On top of the $629 I spent on this stuff I still need to:

-Notch the radiator$$$$

-Get a shaft & u joint $$$ OR just cut up mine & weld it & SAVE money.

Or I can return some of those parts and buy the centerlink adapter and STILL notch the radiator so box sits properly. $$$ 

OR

I can return the entire CCP Kit and buy a Borgunson kit. According to Fine59Bel it's too easy to steer. I wonder how it's going for you now? What to do??

Hopefully I can get some more words from the folks that did this? What do you think I should do? Feel Free to Chime in.

Thanks. X


----------



## SLICK62

This is where I got my conversion from:

chevychevy.com

Frank is an old guy who is happy to help and basically walked me through the whole setup over the phone before I purchased it. Hope this helps!


----------



## sand1

i jus did mine new box and i got the rag joint of a g body car was real easy


----------



## jack1963

how much do u grind off the 605 gearbox for the ps pulley to have some clearance. i didnt want to grind it because there is a little ear with looks like a plug there


----------



## jack1963

its a 63 impala by the way


----------



## nate64

> _Originally posted by OVERTIME_@Apr 12 2010, 08:29 AM~17167248
> *my box isnt from ccp either its a 605 box not the 500 it seems like alot of info is left out on these conversions like how much of a pain in the ass it is. i think they do that so people dont shy away from doing it. but once its done its way nice and worth it. when you finish yours we should put up a step by step thing for both models and problems that may come up during the conversion.
> *


 :thumbsup:


----------



## OVERTIME

> _Originally posted by jack1963_@Feb 19 2011, 09:37 PM~19912847
> *how much do u grind off the 605 gearbox for the ps pulley to have some clearance. i didnt want to grind it because there is a little ear with looks like a plug there
> *


NOT A WHOLE LOT I HAD TO GRIND ON MINE A LITTLE


----------



## jack1963

thank you sir


----------



## jack1963

> _Originally posted by OVERTIME_@Feb 21 2011, 05:19 PM~19925822
> *NOT A WHOLE LOT I HAD TO GRIND ON MINE A LITTLE
> *


thank you sir


----------



## xavierthexman

> _Originally posted by nate64_@Feb 21 2011, 12:59 AM~19921551
> *:thumbsup: ON STEP BY STEP
> *


*CPP 500 box install on my '61.*
So I took out the old steering and started putting the new one and came up with some problems.

OLD Steering









That was easy...now the hard part...installing it. You folks said it was an easy bolt on and so far it is not unless I'm doing something wrong. *CORRECTION!!!!* There is some drilling involved in this set up for 1961 Impala. I had to make the holes bigger for the bolts to fit. not a problem I can do that.

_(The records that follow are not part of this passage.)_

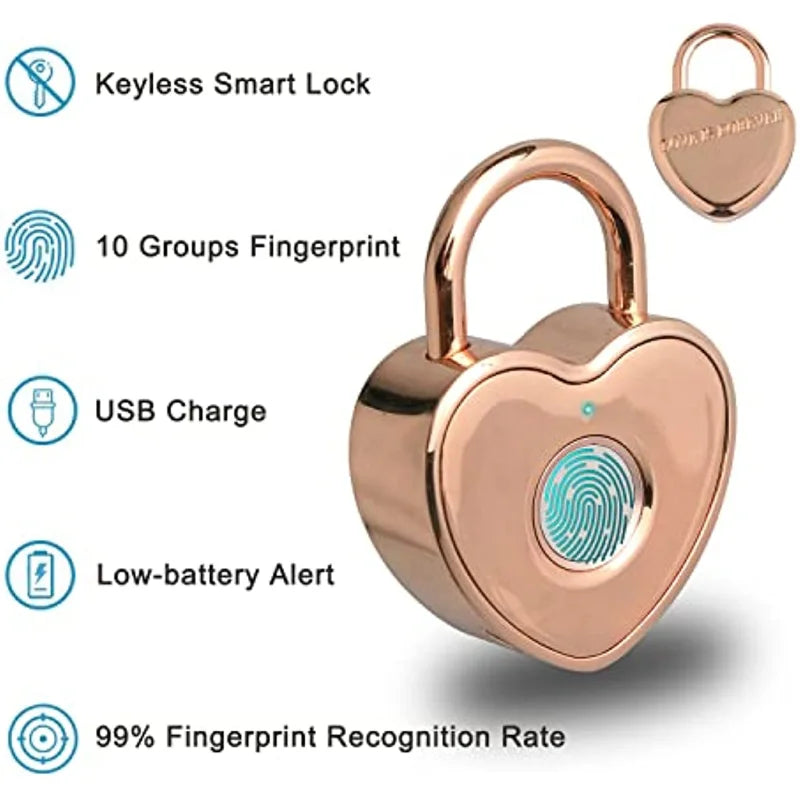 Heart Shape Fingerprint Padlock Locker Lock USB Rechargeable Gym Locker School Bag Lock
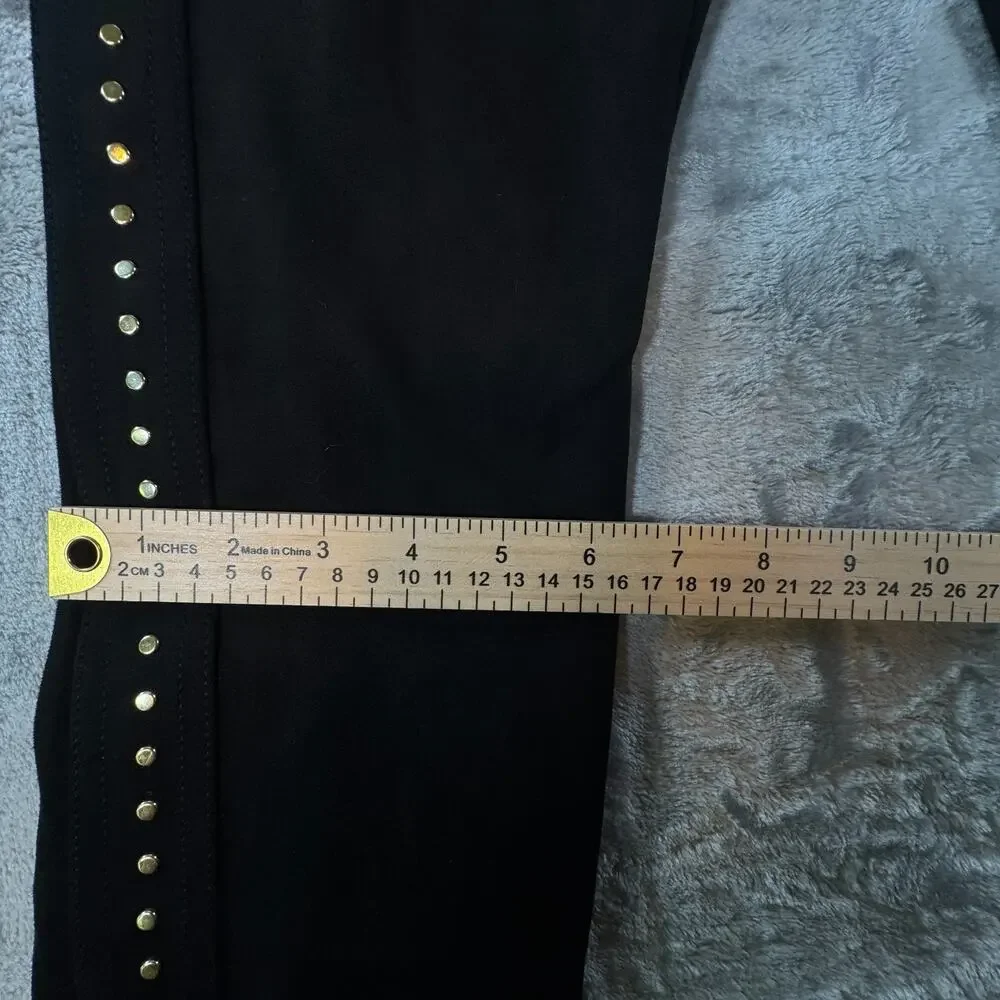 White House Black Market Runway Leggings Size 8L Black Faux Suede Studded Tall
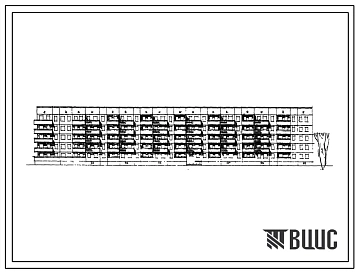 Типовой проект 111-108-1 Пятиэтажный восьмисекционный дом на 114 квартир для строительства с обычными геологическими условиями 2 строительно-климатической зоны и некоторые районы 1 и 3 строительно-климатических зон.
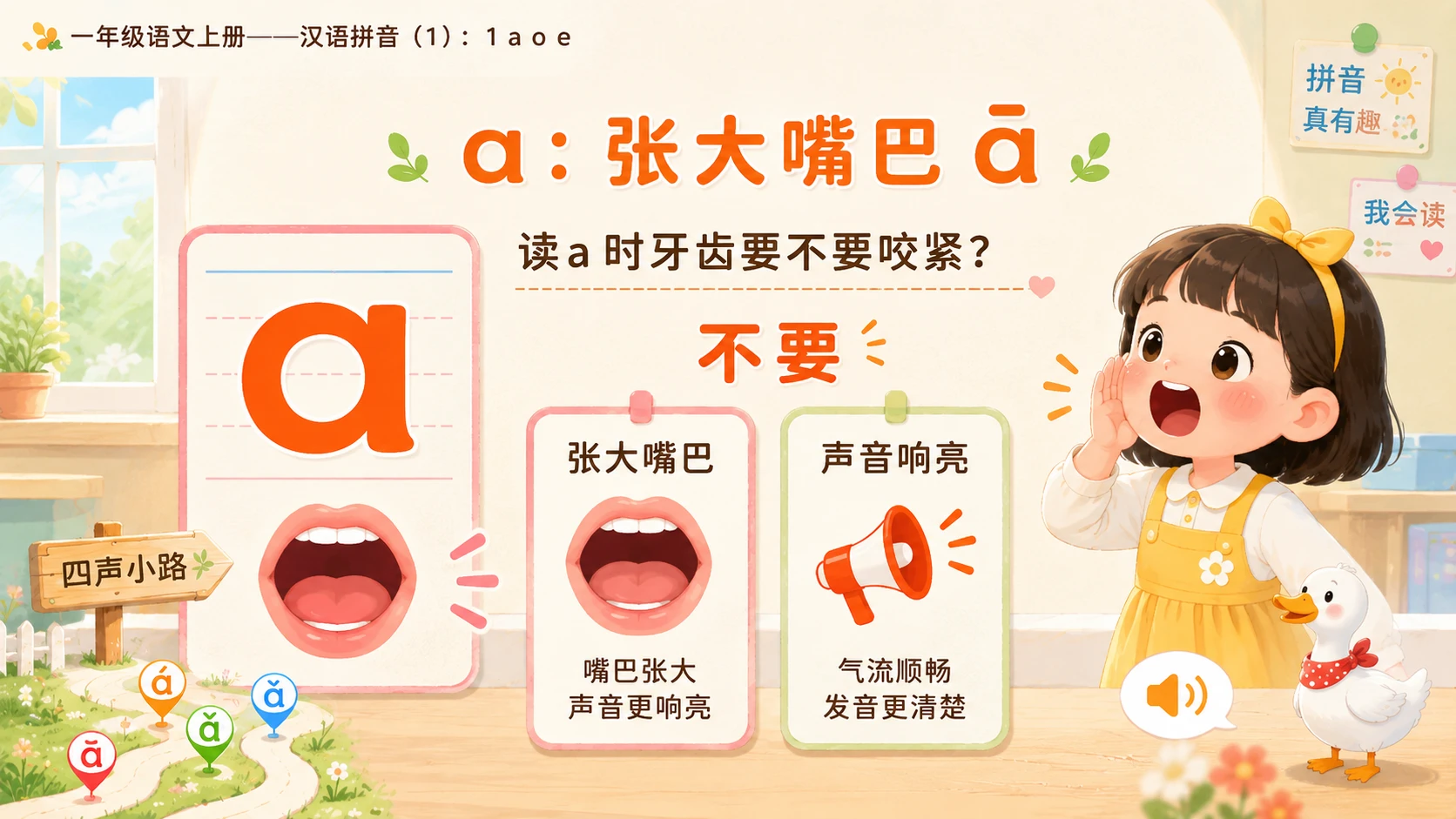 小学六年制统编教材系列课件——一年级语文上册：1 a o e（1） - 预览图4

Gear box is much bigger and it hits the 3 core Radiator. 









3 inches is what I have from the radiator. Time to nocth it!








YES. The NEW 500 Box is hitting my 3 core radiator? 

Also, I bought the rag joint but ANOTHER FAB I need to do to make this work









They didn't tell me I needed to buy a new shaft as well to fit the NEW rag joint I bought or Fab mine.

















I guess I NEED a MALE shaft??? Or cutting.


----------



## xavierthexman

SOMEBODY recommend this instead of fab.

_"I feel this kit from Eckler's is a much easier and frankly SAFER way to replace, not adapt the intermediate shaft on the 58-64 for the 500 series box. I wouldn't want to trust an amateur's weld or a roll pin on such a critical joint. Using a correctly splined shaft on all connections & new u joint makes for a safe, easy BOLT ON installation._
http://www.lategreatchevy.com/chevy-605-or-500-ser...


----------



## xavierthexman

OK, here is the CPP 500 box installed. I had to change 
the pressure hose because the angle on it wasn't working. 
I went to the parker store and had one redone. 
I wonder if CPP will give me my money back for the unused one? 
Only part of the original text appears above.